**Aim of the task**
Set down exactly the lines of the records from the top to the line containing "an orange building with a tall gold roof"; include both.

**Caption-style text data**

........

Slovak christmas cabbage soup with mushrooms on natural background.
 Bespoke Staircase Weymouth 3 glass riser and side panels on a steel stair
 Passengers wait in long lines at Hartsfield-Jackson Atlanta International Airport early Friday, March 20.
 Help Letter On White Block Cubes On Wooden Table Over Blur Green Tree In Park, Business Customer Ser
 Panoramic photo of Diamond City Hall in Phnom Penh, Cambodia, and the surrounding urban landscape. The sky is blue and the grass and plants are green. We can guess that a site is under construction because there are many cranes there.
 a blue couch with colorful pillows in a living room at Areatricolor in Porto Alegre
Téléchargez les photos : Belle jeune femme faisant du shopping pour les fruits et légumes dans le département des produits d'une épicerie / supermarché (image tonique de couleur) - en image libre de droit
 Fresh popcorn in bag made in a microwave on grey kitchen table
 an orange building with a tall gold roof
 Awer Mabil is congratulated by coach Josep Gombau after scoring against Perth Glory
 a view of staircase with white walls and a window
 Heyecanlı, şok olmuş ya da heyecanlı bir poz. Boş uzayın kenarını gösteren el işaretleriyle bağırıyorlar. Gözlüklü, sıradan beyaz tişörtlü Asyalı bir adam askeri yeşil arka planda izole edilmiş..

........

**Exercise answer**
Slovak christmas cabbage soup with mushrooms on natural background.
 Bespoke Staircase Weymouth 3 glass riser and side panels on a steel stair
 Passengers wait in long lines at Hartsfield-Jackson Atlanta International Airport early Friday, March 20.
 Help Letter On White Block Cubes On Wooden Table Over Blur Green Tree In Park, Business Customer Ser
 Panoramic photo of Diamond City Hall in Phnom Penh, Cambodia, and the surrounding urban landscape. The sky is blue and the grass and plants are green. We can guess that a site is under construction because there are many cranes there.
 a blue couch with colorful pillows in a living room at Areatricolor in Porto Alegre
Téléchargez les photos : Belle jeune femme faisant du shopping pour les fruits et légumes dans le département des produits d'une épicerie / supermarché (image tonique de couleur) - en image libre de droit
 Fresh popcorn in bag made in a microwave on grey kitchen table
 an orange building with a tall gold roof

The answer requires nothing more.